Right.  Light blade only though... so low damage.  It's all fairly well balanced.  Mostly.


----------



## cignus_pfaccari (May 31, 2010)

Mort_Q said:


> Right.  Light blade only though... so low damage.  It's all fairly well balanced.  Mostly.




The weapon damage doesn't matter as much as one might think, especially when you can add in sneak attack damage almost every hit.

Hell, I came within an inch of taking Power Attack, as I was often hitting on a 3 or better with my rogue with Piercing Strike.

Brad


----------



## Budalic (May 31, 2010)

*Accurate* superior implement is actually balanced. Other are underpowered.

Think about it: 

Superior implement should be a comparable option to Superior weapon proficiency.

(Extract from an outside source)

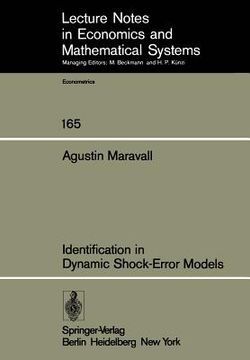 portada identification in dynamic shock-error models (en Inglés)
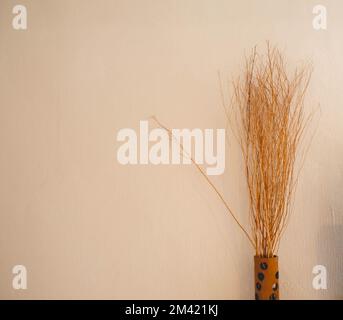Dry tree with white plaster wall Stock Photo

Superior weapon proficiency nets you either +1 average damage per die (Bastard sword, Craighammer) or +1 attack (Triple-headed flail) with *all* your powers.

Accurate implement nets you +1 attack with *all* your powers.

But, say, *Ashen rod* offers +1 attack vs. reflex and +2/3/4 damage per tier with fire powers. It limits your power selection *drastically* for a paltry + 2/3/4 bonus to damage.

Make no mistake, implement users are still underpowered in damage department. Monk's damage won't come even close to a well-built ranger with Called Shot/Prime Quarry bonuses or Rogue with enormous crits and +2/3/5d6 dice of sneak attack. Charging barbarian with vanguard weapon and horned helm still deals +1/2/3d6 +2d8 damage with charge attack, ...

That being said, Monk has some cool options (Starblade flurry, Staff combo, ...)


----------



## mneme (May 31, 2010)

2/3/4 is hardly paltry.  It's a striker feature-level boost.  Adding those up is how you get to the big numbers.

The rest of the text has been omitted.